El partido ya quedó decidido en esta jugada. El Madrid tenía un gol a favor, por lo tanto, el City debía marcar cuatro para igualar la eliminatoria, y con un jugador menos. Aunque Erling Haaland empató el duelo al final de la primera mitad, en la reanudación los de Pep Guardiola se quedaron muy lejos de la remontada imposible. En lugar de eso, Vinicius dio el golpe de gracia definitivo a los ingleses con un gol al final del partido.
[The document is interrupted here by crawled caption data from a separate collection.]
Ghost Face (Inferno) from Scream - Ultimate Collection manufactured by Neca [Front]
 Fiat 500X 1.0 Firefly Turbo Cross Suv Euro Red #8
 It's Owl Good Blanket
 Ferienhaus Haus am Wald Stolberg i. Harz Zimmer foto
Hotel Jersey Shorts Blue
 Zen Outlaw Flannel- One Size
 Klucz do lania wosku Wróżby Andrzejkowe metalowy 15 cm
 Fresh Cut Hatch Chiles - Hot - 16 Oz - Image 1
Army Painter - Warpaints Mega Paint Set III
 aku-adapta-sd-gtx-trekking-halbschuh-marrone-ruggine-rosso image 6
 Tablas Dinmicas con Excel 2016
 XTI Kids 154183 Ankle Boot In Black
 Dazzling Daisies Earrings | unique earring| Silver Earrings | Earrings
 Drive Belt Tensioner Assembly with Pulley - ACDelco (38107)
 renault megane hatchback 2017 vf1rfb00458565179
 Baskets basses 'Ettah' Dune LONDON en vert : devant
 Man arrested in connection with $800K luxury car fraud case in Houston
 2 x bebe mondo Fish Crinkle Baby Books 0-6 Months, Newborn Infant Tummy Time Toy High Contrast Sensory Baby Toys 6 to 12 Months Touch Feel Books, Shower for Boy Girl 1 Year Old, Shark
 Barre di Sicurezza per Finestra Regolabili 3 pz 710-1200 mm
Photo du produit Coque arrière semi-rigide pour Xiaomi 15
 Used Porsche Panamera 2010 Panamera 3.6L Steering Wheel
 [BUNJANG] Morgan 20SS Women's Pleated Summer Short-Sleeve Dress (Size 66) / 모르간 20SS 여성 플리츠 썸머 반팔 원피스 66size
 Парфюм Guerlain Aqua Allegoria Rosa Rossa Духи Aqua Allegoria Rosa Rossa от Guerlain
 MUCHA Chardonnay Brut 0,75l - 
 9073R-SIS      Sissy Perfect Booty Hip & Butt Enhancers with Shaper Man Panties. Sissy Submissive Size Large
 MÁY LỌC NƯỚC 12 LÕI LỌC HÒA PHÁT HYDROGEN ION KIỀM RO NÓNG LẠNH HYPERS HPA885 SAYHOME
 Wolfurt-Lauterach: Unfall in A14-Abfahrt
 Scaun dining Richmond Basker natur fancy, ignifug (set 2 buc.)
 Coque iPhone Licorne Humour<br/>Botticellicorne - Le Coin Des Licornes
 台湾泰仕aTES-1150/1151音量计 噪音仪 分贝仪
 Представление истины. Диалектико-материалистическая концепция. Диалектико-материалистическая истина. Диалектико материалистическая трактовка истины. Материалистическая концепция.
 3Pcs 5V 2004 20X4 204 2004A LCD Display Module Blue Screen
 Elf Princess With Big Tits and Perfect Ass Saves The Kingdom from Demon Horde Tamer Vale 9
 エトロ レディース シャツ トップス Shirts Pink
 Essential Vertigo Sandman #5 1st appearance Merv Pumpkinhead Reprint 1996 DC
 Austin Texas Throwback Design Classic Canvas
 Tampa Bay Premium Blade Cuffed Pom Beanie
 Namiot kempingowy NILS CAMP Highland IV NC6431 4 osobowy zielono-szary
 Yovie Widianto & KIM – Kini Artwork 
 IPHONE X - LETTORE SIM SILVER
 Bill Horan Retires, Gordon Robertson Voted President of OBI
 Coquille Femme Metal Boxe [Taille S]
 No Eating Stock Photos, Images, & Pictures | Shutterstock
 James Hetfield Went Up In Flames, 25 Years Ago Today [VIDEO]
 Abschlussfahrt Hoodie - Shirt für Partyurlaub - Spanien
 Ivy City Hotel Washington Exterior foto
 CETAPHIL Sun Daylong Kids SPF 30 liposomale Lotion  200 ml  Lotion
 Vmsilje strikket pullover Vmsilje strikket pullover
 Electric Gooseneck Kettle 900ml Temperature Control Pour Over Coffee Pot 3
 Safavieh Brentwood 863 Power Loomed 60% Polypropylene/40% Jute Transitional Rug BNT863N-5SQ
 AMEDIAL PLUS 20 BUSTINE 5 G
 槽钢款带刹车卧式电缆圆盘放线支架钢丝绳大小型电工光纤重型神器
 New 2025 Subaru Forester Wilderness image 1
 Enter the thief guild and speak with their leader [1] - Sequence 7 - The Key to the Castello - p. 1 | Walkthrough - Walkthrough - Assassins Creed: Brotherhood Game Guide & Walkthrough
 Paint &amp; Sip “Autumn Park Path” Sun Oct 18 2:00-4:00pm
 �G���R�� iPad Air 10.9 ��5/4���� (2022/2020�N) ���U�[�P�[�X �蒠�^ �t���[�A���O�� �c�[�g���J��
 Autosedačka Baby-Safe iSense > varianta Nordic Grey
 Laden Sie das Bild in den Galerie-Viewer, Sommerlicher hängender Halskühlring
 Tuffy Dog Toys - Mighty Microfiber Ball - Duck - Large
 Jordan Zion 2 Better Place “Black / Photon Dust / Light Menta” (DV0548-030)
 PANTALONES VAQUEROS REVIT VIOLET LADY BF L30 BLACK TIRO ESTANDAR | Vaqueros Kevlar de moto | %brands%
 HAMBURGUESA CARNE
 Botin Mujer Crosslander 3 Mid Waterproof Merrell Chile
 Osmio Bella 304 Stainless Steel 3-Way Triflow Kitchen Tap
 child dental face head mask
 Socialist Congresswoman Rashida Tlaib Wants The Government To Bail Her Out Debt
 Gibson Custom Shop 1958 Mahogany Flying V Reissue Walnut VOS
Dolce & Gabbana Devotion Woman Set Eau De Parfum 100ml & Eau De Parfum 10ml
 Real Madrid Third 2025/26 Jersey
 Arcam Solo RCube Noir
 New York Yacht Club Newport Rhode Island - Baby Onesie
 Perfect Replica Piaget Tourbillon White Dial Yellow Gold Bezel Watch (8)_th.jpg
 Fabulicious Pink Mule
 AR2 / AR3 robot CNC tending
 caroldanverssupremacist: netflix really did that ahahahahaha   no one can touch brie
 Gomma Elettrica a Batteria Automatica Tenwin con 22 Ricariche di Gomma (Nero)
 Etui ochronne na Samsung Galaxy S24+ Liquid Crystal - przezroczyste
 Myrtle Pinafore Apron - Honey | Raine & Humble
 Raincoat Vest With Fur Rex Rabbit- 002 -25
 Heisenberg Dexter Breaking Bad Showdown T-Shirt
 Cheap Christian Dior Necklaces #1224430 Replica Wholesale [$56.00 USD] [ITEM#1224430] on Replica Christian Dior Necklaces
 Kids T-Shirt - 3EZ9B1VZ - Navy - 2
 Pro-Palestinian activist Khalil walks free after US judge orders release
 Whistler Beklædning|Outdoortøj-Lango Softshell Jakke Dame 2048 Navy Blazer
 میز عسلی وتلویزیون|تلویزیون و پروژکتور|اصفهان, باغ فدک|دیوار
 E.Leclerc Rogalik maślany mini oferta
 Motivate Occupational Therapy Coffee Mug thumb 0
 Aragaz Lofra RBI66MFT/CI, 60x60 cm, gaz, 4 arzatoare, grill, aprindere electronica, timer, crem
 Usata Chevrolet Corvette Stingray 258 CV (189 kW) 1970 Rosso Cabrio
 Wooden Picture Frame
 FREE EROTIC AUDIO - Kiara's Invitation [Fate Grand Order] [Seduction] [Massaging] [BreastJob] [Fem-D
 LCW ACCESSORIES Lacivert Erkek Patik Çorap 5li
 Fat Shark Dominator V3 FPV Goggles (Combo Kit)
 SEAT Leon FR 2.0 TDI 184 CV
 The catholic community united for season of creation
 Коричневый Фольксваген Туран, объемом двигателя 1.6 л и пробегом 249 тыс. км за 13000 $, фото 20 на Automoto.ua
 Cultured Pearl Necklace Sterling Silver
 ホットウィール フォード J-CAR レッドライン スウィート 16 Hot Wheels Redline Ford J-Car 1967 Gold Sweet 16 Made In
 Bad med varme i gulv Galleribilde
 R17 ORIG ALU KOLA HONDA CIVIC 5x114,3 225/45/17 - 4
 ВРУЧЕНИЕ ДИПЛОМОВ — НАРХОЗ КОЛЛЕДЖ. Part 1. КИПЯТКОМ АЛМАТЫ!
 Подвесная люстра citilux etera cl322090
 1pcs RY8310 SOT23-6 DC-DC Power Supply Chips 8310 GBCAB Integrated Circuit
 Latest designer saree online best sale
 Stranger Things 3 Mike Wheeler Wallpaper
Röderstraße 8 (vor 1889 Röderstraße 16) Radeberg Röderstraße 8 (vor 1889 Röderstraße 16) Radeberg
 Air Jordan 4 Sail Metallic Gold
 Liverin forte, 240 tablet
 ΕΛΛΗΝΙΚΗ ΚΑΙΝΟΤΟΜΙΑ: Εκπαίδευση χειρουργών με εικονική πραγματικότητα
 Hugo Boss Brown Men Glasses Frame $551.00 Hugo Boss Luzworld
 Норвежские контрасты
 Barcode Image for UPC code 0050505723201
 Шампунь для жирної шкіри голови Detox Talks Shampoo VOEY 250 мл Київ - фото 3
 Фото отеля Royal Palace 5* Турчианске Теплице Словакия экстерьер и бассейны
El Madrid, la bestia negra de Guardiola
Aunque Guardiola se había convertido en la bestia negra del Madrid y, en parte, continúa siéndolo, también el Madrid se ha convertido en la bestia negra de Guardiola. En las últimas tres ediciones de la Champions, los merengues han sido los verdugos del Manchester City. Hace dos años, en los cuartos de final, los blancos derrotaron a los ingleses en los penales. La temporada pasada, en los dieciseisavos de final, el Madrid fue muy superior, de la misma manera que ha sucedido este curso, aunque los mancunianos partieran como favoritos. El hecho de que se encuentren constantemente en la Champions facilita que haya eliminaciones de un lado y del otro, pero en los últimos años la balanza se está inclinando del lado merengue.